Kolenda explains how researchers took an image of an inline skate and tested different text next to it to judge if the effect worked with pricing. “Some descriptions emphasized a ‘low friction’ benefit,” he recounts. “Other descriptions emphasized a ‘high performance’ benefit. What they found was the price of an inline skate seemed lower when it appeared next to the benefit ‘low friction’ because people merged the concept of ‘low’ with the price.”
Concept 4: Motion
Which college would you prefer to go to? One whose ranking rose from sixth to fourth or another that dropped from second to fourth? Most people would go with the college whose ranking improved, regardless of the fact both colleges are now fourth. The reason is that we apply a concept we learned in the real world, i.e. momentum, to the abstract world. We like a college that is on the rise because our brains were trained in the physical world, and we expect that college to keep rising, despite no evidence as to why we should think that.

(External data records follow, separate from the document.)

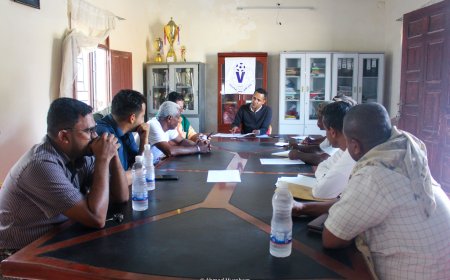 الهيئة الإدارية لنادي نصر بروم تعقد اجتماعها الدوري لشهر فبراير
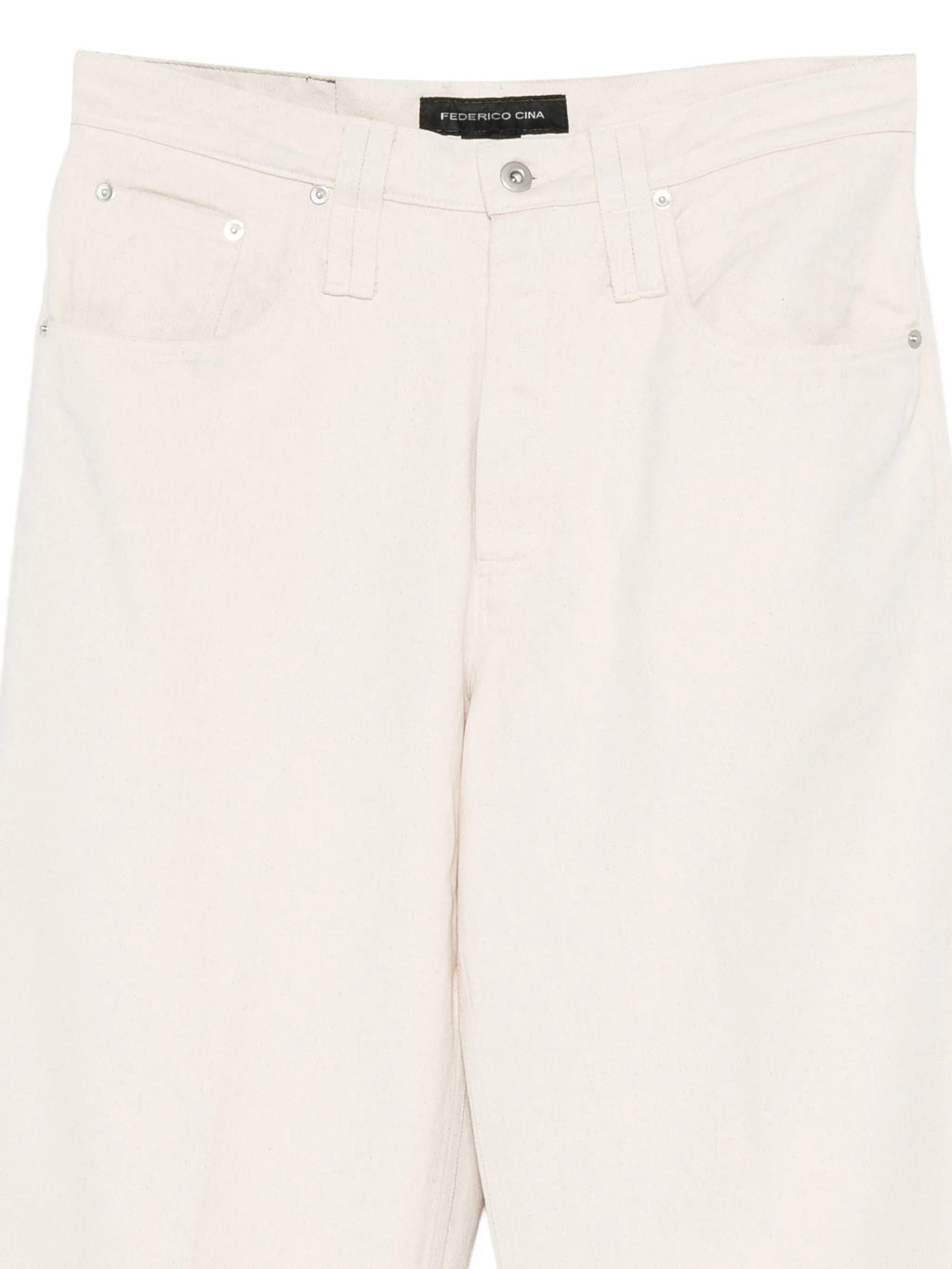 INDELEBILE 5 POCKET DENIM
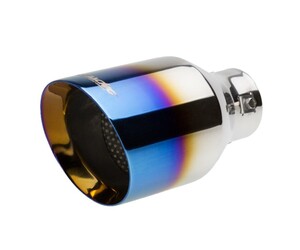 ΜΠΟΥΚΑ ΣΤΡΟΓΓΥΛΗ ΤΙΤΑΝΙΟΥ ΓΙΑ ΕΞΑΤΜΙΣΗ 38-63 mm (ΜΗΚΟΣ 210 mm/ΔΙΑΜΕΤΡΟΣ ΕΞΩΤΕΡΙΚΗ 115 mm)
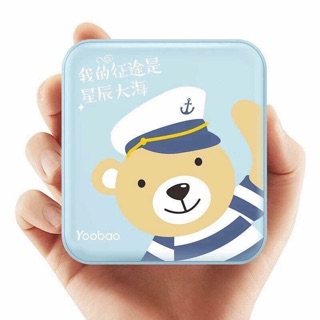 Sạc dự phòng Yoobao 10000mAh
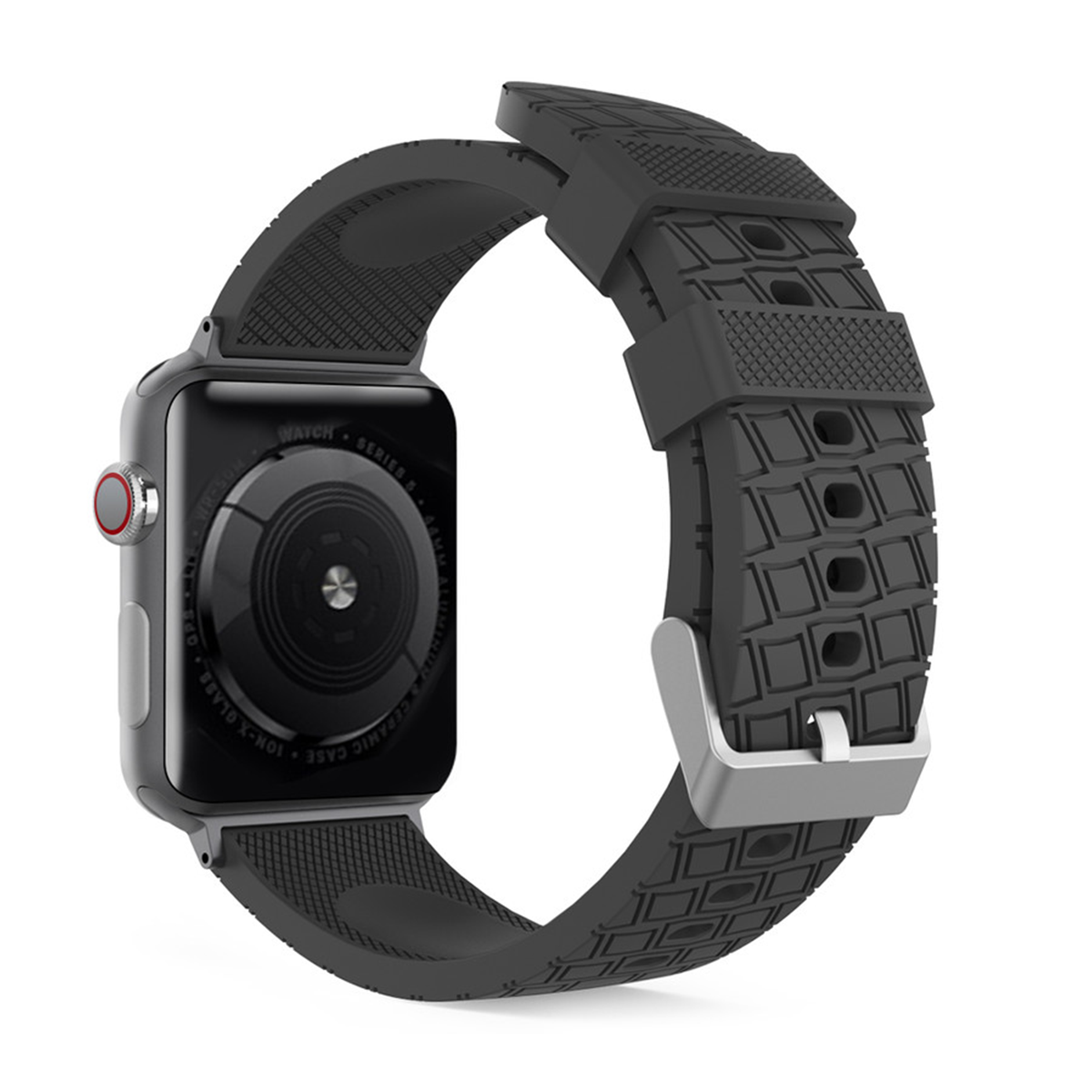 بند اپل واچ 38/40/41 میلی متری آها استایل مدل WA03 بند اپل واچ 38/40/41 میلی متری آها استایل مدل WA03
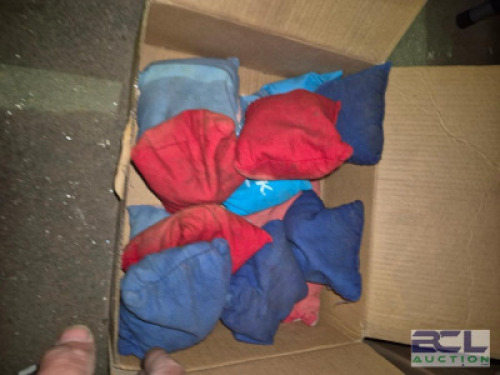 Box of Bags for Corn Hole Game #204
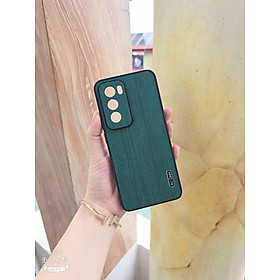 Ốp lưng Da Vân Gỗ cao cấp siêu sang,bảo vệ lưng viền cụm camera dành cho Sangsung Galaxy A32/A52/A72 . Hàng nhập khẩu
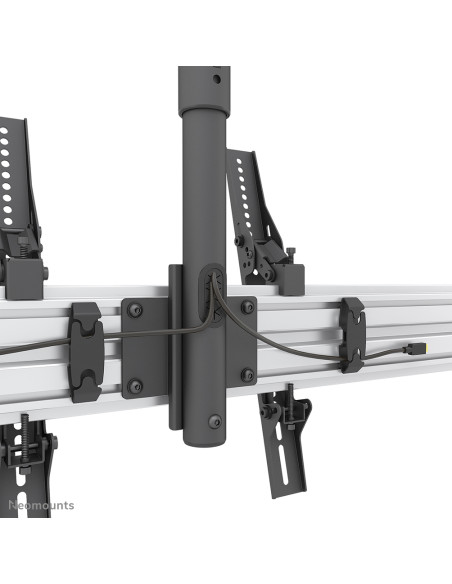 Neomounts Supporto da soffitto Pro con barra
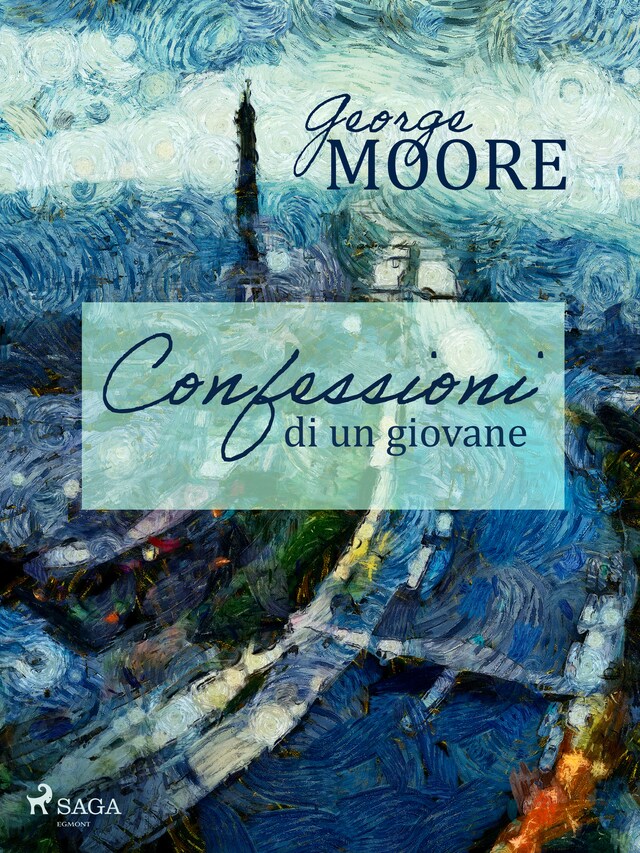 Book cover for Confessioni di un giovane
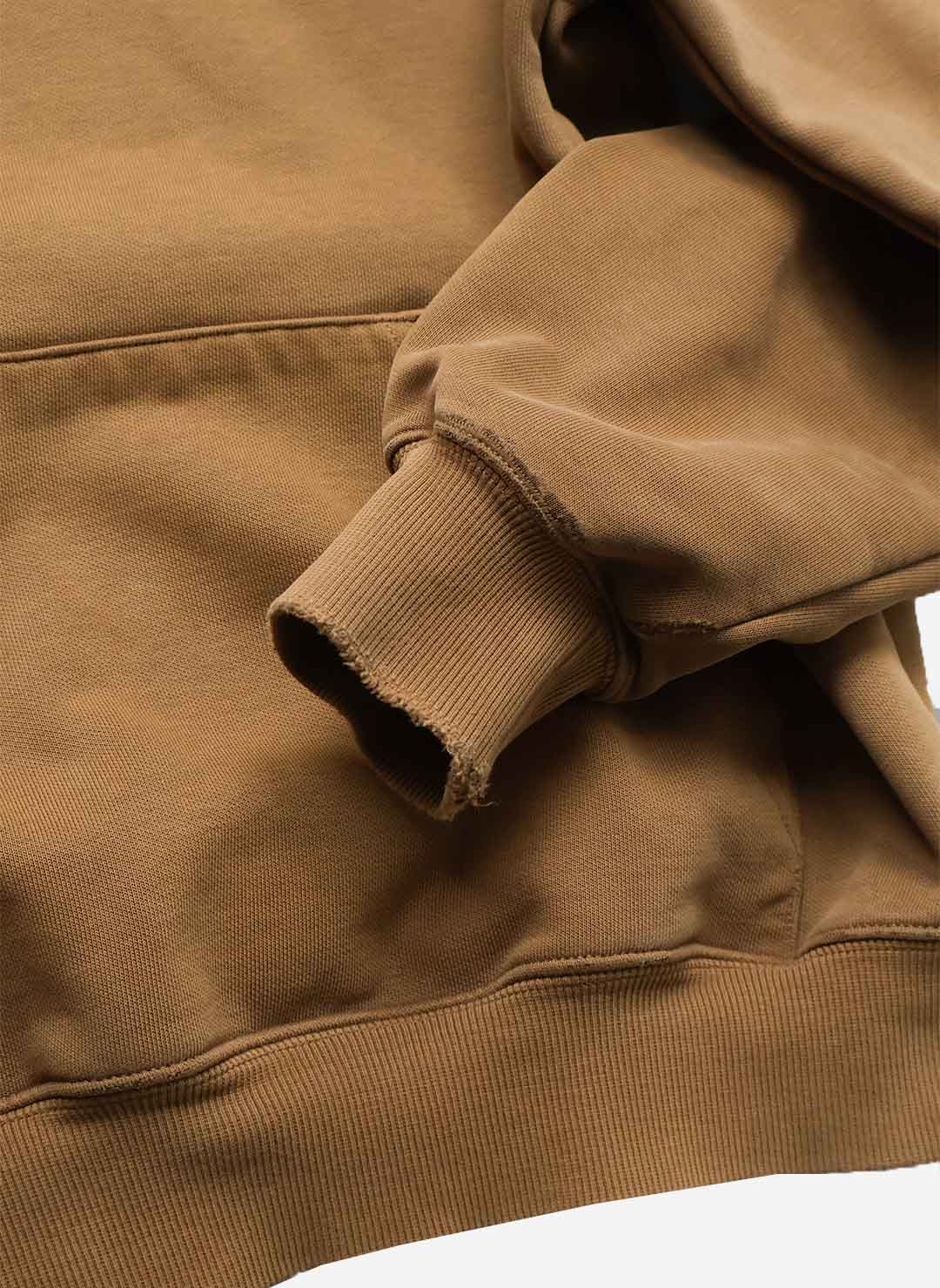 Carhartt Hoodie braun – Bild 5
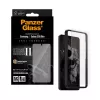 Ekraanikaitse PanzerGlass Ceramic Samsung Galaxy S26 Ultra jaoks — karastatud klaas, ülilai sobivus, EasyAligner, läbipaistev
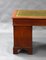 Victorian Mahogany Pedestal Desk, 1870 9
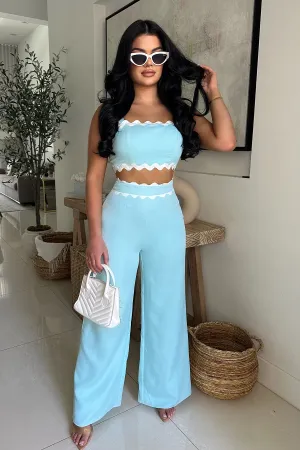 STAY IN TUNE PANT SET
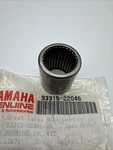Yamaha 93315-22046 YZ90 IT175 YZ100 WR250 Bearing #15 Oem Nos. Fixed Price $18.00.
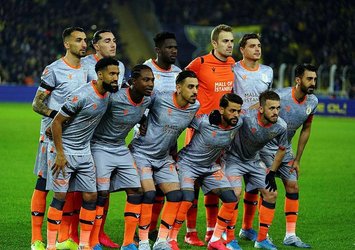 Başakşehir'e kötü haber! Yıldız isim Trabzonspor maçında yok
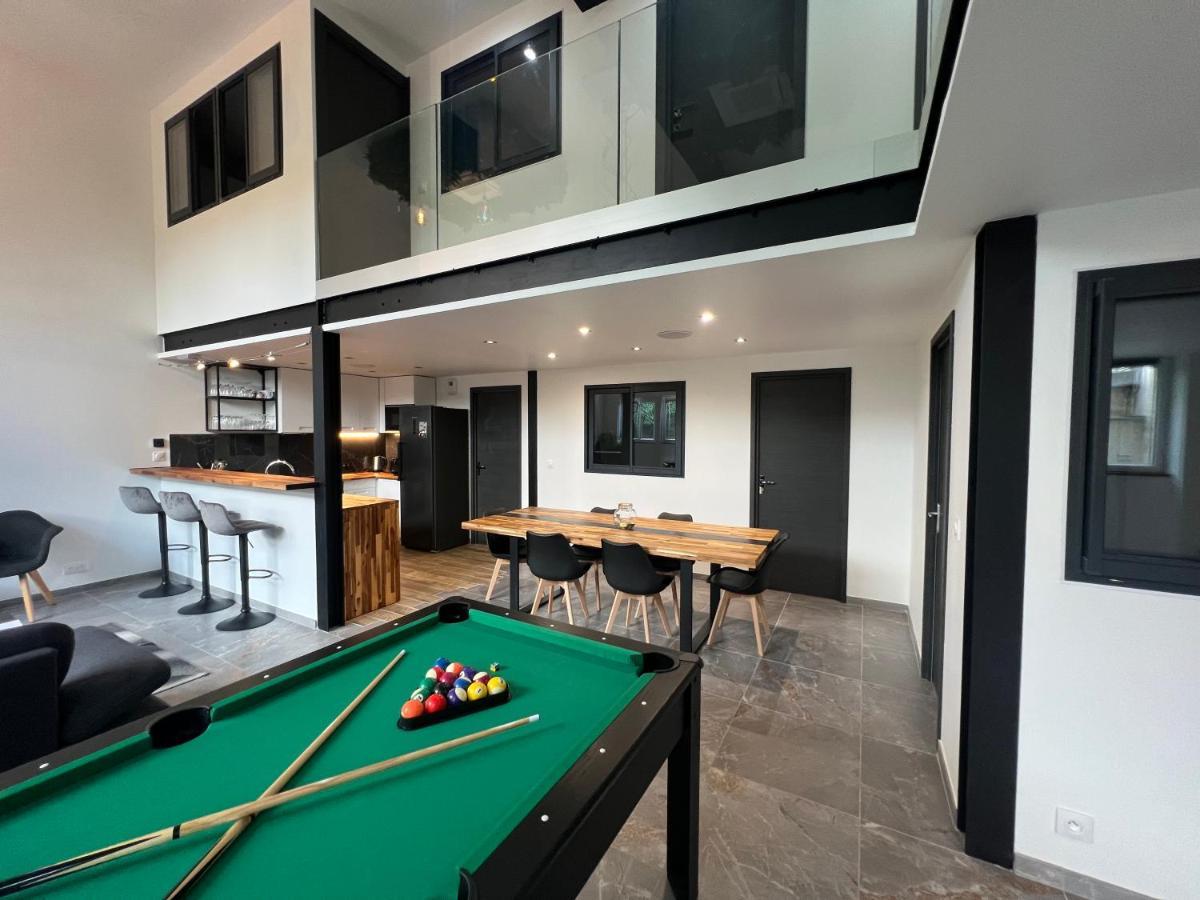 Appartamento Loft Entier Nancy Centre Et Parking Esterno foto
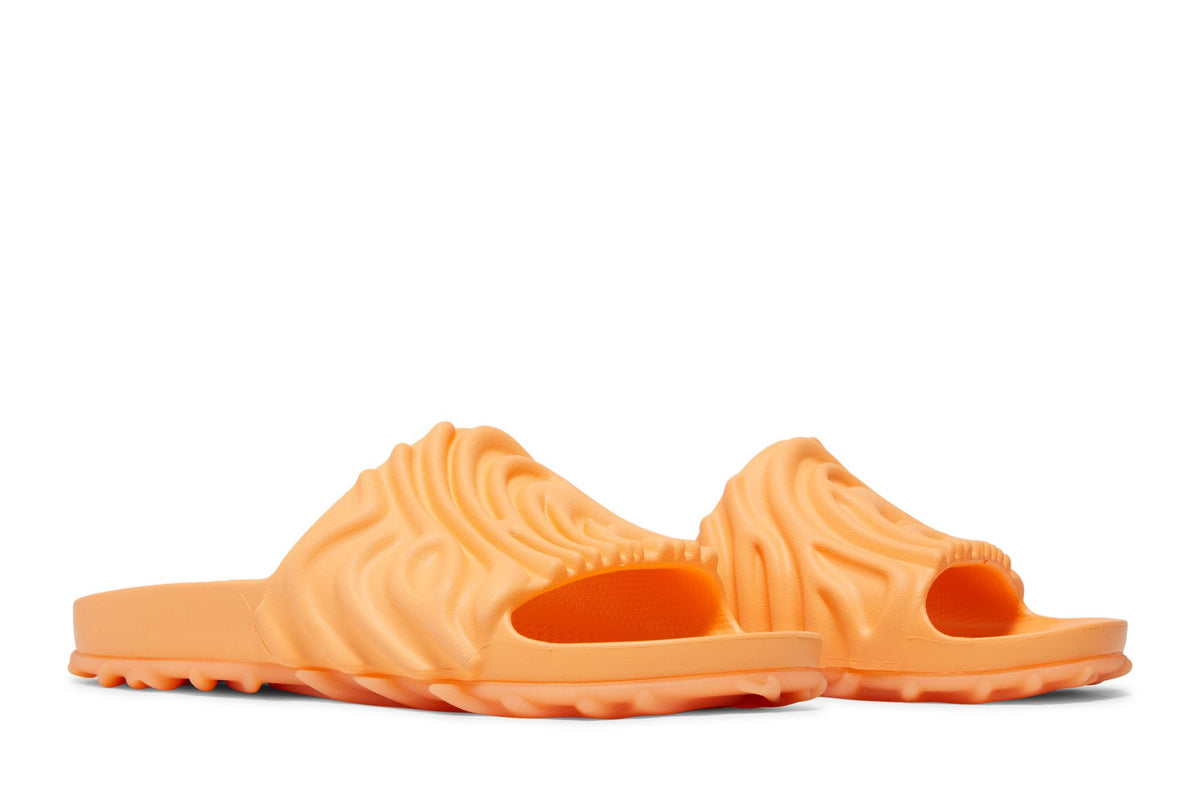 Salehe Bembury x Crocs Pollex Slide Citrus Milk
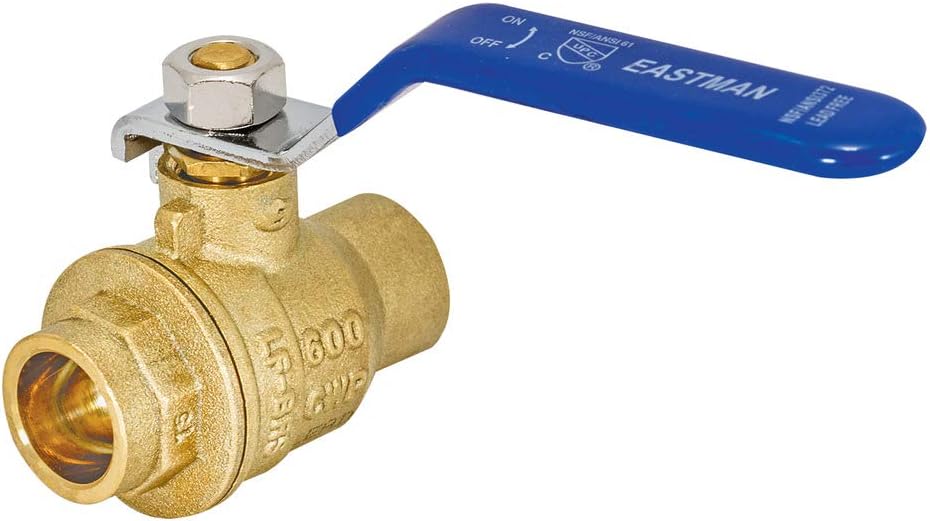  - Ball Valves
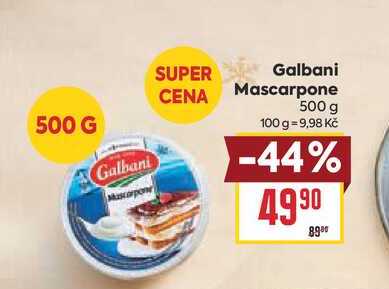 Galbani Mascarpone 500 g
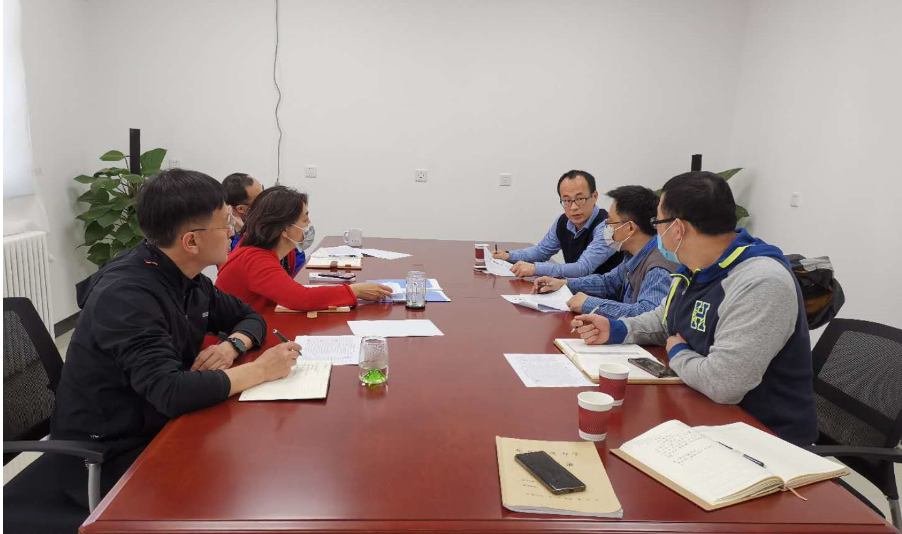 防控动态|草业与草原学院召开毕业年级班主任会布置就业工作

It works with pricing, too. As Kolenda puts it, when “a high price transforms into a lower price” — like when stores cross out the original price and write in a discounted one — “then people conceptualize this change as a motion of reduction.” Then our physical training kicks in. Our brains perceive the pricing on the screen to have momentum, and even if we forget the actual price, we’ll remember that it was great value. “Like the college study,” Kolenda observes, “the final price — because of the inherent momentum — will seem even lower.”
As we learn, our brains create chains of mental associations — vivid mental pictures. The world’s best marketers are the ones who master the ability to triggering those associations from the past and the positive emotions that go with them. Not all these concepts will work to increase sales in every circumstance, but not experimenting with visual associations is a car crash waiting to happen.